Comparison of percutaneous minimally invasive versus open posterior spine surgery for fixation of thoracolumbar fractures: A retrospective matched cohort analysis
- PMID: 32042224
- PMCID: PMC7000432
- DOI: 10.1016/j.jor.2019.11.047
Comparison of percutaneous minimally invasive versus open posterior spine surgery for fixation of thoracolumbar fractures: A retrospective matched cohort analysis
Abstract
Introduction: Percutaneous minimally invasive spine surgery (MISS) is a treatment option for thoracolumbar fractures and we aim to evaluate its outcomes.
Methods: A retrospective matched cohort study of all patients with thoracolumbar fractures treated with MISS or open posterior approach.
Results: We included 100 MISS and 155 open patients.
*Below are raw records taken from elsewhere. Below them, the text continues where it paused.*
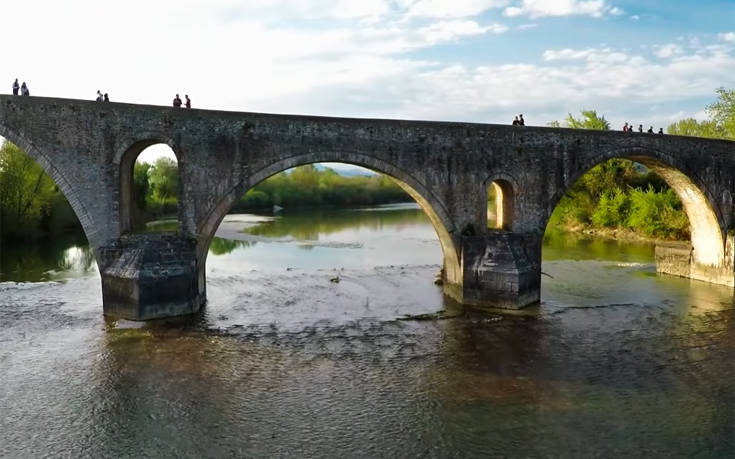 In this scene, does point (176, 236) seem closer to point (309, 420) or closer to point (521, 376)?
point (309, 420)

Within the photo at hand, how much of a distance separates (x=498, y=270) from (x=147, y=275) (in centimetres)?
941

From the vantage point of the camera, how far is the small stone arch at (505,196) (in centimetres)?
1695

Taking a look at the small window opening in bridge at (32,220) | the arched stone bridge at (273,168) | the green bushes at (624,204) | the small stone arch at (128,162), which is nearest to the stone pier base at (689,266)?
the arched stone bridge at (273,168)

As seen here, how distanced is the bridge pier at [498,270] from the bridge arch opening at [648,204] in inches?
58.7

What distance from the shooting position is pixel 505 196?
17.9 m

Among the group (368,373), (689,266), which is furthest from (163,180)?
(368,373)

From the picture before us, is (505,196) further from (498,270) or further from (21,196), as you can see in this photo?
(21,196)

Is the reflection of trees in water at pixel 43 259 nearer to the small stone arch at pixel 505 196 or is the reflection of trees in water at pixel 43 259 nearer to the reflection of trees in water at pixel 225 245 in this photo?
the reflection of trees in water at pixel 225 245

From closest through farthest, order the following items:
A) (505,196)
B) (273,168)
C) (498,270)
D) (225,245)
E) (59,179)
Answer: (59,179), (273,168), (498,270), (505,196), (225,245)

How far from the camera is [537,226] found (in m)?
17.4

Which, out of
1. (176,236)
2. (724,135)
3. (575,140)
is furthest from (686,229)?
(176,236)

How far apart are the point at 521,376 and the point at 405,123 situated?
304 inches

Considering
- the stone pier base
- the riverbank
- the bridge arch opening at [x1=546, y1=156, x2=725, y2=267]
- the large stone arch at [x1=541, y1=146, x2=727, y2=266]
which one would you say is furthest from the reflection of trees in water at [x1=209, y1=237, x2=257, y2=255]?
the riverbank

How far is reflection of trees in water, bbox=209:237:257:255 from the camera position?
2841 cm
After controlling for patient characteristics, our results statistically favor MISS in mean operative time, mean intraoperative blood loss, and number of patients requiring postoperative blood transfusions within 48 h.
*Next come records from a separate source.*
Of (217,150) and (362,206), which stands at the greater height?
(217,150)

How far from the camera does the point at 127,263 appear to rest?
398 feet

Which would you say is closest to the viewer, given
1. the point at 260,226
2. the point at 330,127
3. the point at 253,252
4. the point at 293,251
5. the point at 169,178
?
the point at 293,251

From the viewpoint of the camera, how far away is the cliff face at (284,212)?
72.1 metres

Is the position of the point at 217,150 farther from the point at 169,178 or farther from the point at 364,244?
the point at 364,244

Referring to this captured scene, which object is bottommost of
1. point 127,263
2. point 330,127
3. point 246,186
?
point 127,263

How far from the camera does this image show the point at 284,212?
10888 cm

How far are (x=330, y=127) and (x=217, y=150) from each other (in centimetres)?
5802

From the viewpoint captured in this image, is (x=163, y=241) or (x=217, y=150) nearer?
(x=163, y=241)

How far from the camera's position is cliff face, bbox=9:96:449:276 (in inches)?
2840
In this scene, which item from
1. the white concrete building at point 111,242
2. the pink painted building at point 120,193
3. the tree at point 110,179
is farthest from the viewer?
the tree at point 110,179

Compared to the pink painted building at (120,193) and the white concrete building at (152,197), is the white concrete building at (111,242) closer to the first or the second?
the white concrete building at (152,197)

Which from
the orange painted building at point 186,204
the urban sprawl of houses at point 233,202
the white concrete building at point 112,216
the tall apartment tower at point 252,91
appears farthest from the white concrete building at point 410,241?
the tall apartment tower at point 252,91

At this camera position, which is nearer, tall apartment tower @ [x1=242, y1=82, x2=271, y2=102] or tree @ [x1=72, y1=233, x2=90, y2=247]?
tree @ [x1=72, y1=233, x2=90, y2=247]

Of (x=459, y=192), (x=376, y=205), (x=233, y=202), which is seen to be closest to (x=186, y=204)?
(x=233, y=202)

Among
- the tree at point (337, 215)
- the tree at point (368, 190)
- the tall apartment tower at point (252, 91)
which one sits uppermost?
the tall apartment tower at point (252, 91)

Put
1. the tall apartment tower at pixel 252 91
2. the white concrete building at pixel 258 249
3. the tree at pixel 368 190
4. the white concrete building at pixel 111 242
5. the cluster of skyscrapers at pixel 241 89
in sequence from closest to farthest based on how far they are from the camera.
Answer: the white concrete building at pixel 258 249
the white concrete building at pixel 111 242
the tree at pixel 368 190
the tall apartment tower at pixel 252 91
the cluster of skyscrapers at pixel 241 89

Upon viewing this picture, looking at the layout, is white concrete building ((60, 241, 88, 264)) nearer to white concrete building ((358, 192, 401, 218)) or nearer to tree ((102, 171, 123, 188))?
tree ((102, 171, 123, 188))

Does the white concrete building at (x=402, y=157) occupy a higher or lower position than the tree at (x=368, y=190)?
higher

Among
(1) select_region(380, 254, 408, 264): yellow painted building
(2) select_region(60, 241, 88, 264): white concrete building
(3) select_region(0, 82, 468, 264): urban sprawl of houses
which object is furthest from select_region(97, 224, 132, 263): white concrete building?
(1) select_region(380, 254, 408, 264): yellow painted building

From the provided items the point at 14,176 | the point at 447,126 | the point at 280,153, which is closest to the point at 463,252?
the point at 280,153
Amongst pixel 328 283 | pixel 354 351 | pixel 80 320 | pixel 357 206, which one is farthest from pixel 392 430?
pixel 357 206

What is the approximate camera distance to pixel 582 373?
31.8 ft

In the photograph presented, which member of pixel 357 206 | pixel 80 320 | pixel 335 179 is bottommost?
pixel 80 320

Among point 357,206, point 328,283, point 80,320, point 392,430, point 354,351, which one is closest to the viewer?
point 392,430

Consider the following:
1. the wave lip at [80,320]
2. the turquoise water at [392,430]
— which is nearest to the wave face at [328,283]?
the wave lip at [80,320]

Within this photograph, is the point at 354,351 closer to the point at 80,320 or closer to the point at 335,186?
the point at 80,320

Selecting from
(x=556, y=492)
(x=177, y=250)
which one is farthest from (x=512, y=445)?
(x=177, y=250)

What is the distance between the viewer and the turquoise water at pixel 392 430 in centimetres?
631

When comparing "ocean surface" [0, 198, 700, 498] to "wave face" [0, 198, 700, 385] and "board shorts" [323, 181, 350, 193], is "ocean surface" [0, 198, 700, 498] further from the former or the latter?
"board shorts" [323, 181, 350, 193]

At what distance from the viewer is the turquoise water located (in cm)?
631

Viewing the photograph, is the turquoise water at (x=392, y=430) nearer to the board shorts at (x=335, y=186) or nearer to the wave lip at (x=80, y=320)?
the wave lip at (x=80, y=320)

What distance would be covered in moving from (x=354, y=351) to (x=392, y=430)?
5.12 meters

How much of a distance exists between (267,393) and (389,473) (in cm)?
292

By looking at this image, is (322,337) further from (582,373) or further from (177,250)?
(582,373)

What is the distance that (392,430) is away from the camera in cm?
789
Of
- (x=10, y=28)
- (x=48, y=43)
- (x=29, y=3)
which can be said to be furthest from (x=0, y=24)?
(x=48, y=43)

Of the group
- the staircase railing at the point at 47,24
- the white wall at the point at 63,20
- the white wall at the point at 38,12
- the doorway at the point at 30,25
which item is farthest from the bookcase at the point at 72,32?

Conclusions: Advantages of using MISS for treatment of thoracolumbar fractures are decreased operative time, decreased blood loss, and fewer patients requiring transfusions.
Keywords: Minimally invasive spine surgery; Open posterior approach; Thoracolumbar fracture.
Conflict of interest statement
Dr. Gelb is a board member and fellowship committee chair for AOSpine NA. He receives payment for lectures and for development of educational presentations from AOSpine NA. He receives royalties from DePuy Synthes Spine and Globus Medical. He has stock in the American Society for Investigative Pathology. Dr. Koh receives payment for consultancy from Biomet. His institution receives RO1 grant money from the National Institutes of Health. Dr. Ludwig is a board member for Globus Medical, the American Board of Orthopaedic Surgery, the American Orthopaedic Association, the Cervical Spine Research Society, and the Society for Minimally Invasive Spine Surgery. He is a paid consultant for DePuy Synthes, K2M, and Globus Medical. He receives payment for lectures and travel accommodations from DePuy Synthes and K2M. He receives payment for patents and royalties from DePuy Synthes and Globus Medical. He has stock in Innovative Surgical Designs and the American Society for Investigative Pathology. He receives research support from AO Spine North America Spine Fellowship support, Pacira Pharmaceutical, and AOA Omega Grant. He is a board member of Maryland Development Corporation. He receives royalties from Thieme, Quality Medical Publishers. He is on the governing board of Journal of Spinal Disorders and Techniques, The Spine Journal, and Contemporary Spine Surgery. The authors have no further potential conflicts of interest to disclose.